# Musings concerning maximal expressions leading to a logarithmic equation

• Apr 24th 2012, 02:41 PM
NowIsForever
Musings concerning maximal expressions leading to a logarithmic equation
Upon awakening this morning I had this idea about the largest expression that could be formed from a fixed collection of digits, all the same number, using standard operations such as multiplication, exponentiation, etc.

For example suppose, the collection is 2,2,2,2. My first thought was that 2^2^2^2 would be the answer for the maximum value, however $22^2^2$ is larger, and $2^2^2^2$ is larger still.

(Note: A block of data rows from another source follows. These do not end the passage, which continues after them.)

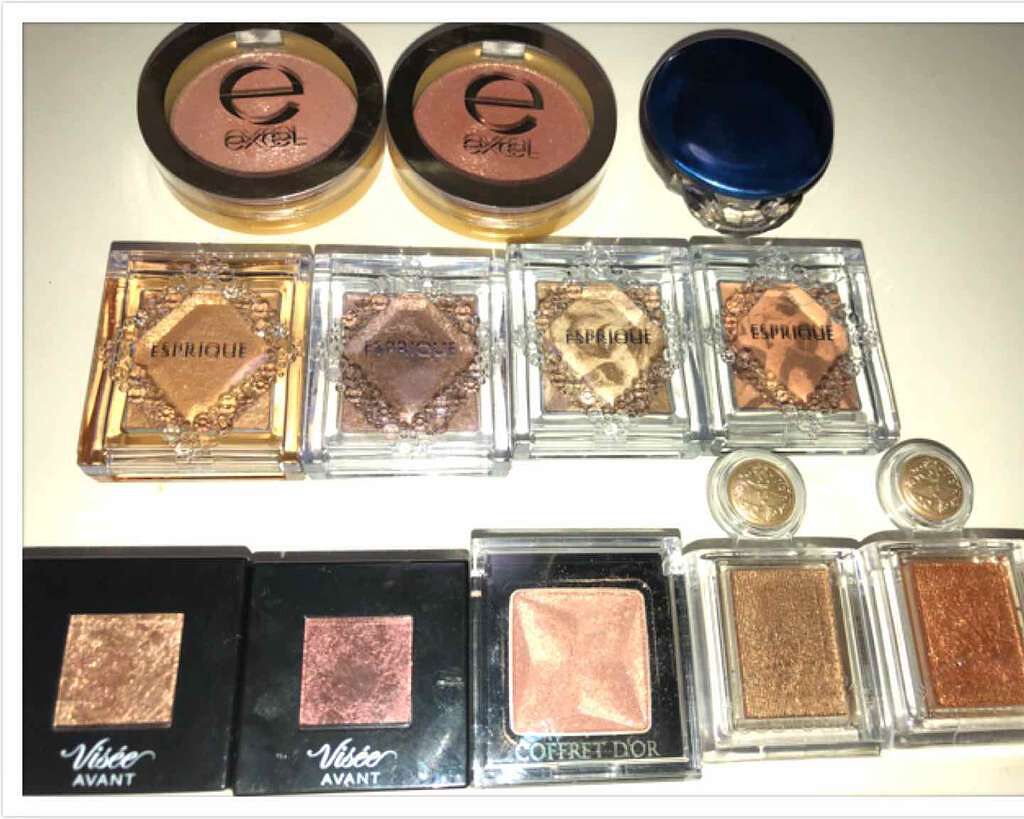 ヴィセ アヴァン シングルアイカラー/Visée/単色アイシャドウを使ったクチコミ(2枚目)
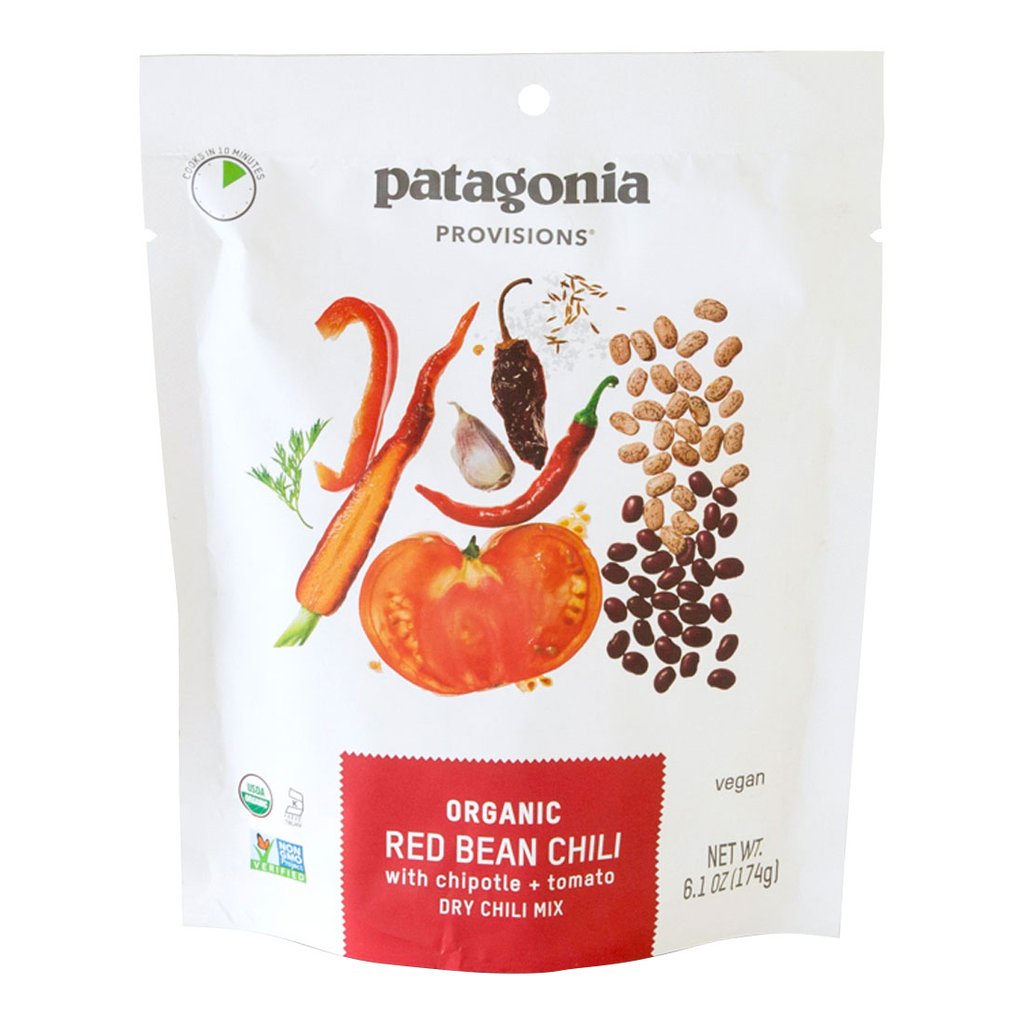 Patagonia Provisions Organic Original Red Bean Chili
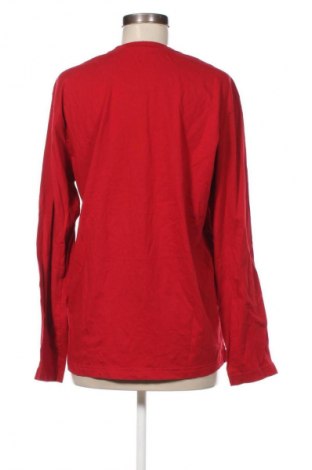 Damen Shirt Schiesser, Größe L, Farbe Rot, Preis € 23,99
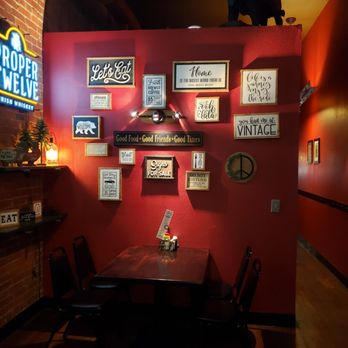 OMG! Burgers & Brew - Dining area - Burgers Near Me - Pendleton, Oregon OMG! Burgers & Brew - Dining area - Burgers Near Me - Pendleton, Oregon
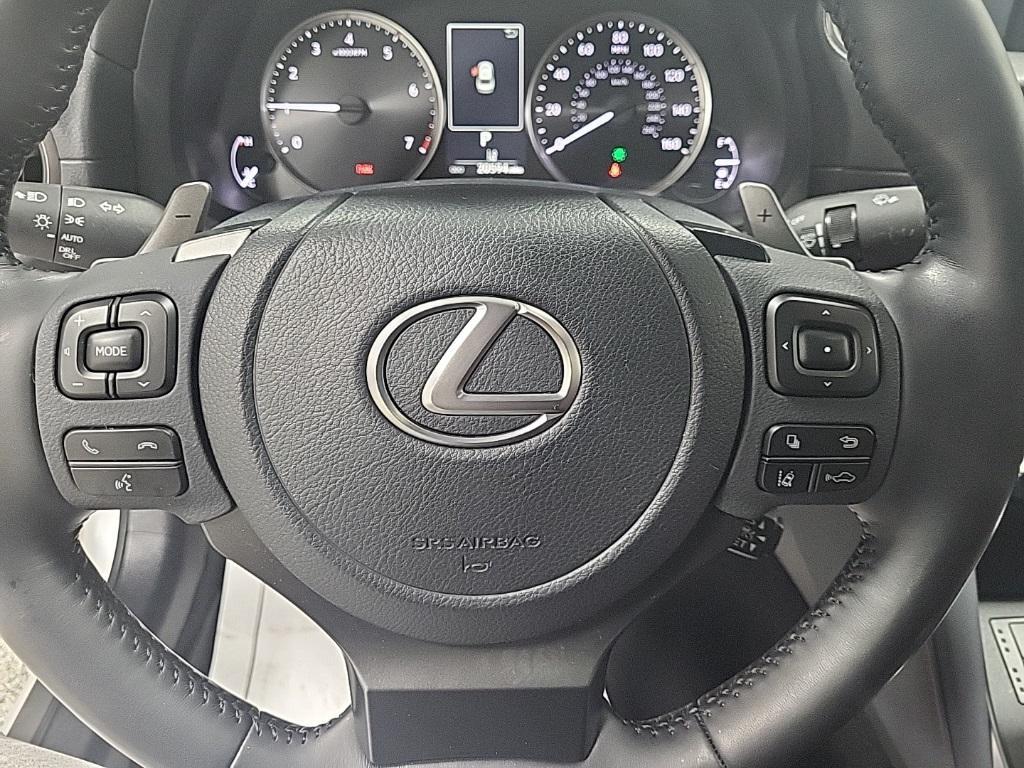 used 2022 Lexus IS 300 car, priced at $38,997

Then I noticed that $22^2^2$ is closer to $2^2^2^2$ (by ratio) than $33^3^3$ is to $3^3^3^3$. The situation is further divergent as the value of the digit climbs to 9.

Define d*d as 10·d+d and d*d*d as d·100+d·10+d etc., where d is not only allowed to be a digit, but any real number. (Numbers less than or equal to zero, although allowed, may or may not be reasonable).

So this thought formed: what would be the value of d such that $(d*d)^(^d^*^d^)$ = $d^(^d^*^d^*^d^)$?

It would be a solution to the equation: $(10x+x) log_x (10x+x)= 100x+10x+x$.

Not wishing to look for an analytic solution to the equation prior to determining a numerical result; I proceeded to do that obtaining

x = 1.3018267624863938102032556203448

using my Windows calculator after 39 iterations (I know, I could have written a C program to do this in less than half the time, but I'm on vacation for three weeks, I like doing it, and I probably would not have discovered the following result had I written the program):

I noticed this as a convergent during my calculations: $log_x$ (10x+x) = 111/11. (Rofl)

It is not obvious to me why this should be so; perhaps it would fall out of an analytic solution quite easily, but I have yet to look for one, and I'm posting this so that all and sundry may have a shot at it as I work on it myself.

Any feedback would be greatly appreciated.
• Apr 24th 2012, 02:53 PM
ignite
Re: Musings concerning maximal expressions leading to a logarithmic equation
$x=11^\frac{11}{100}$ solves the given equation.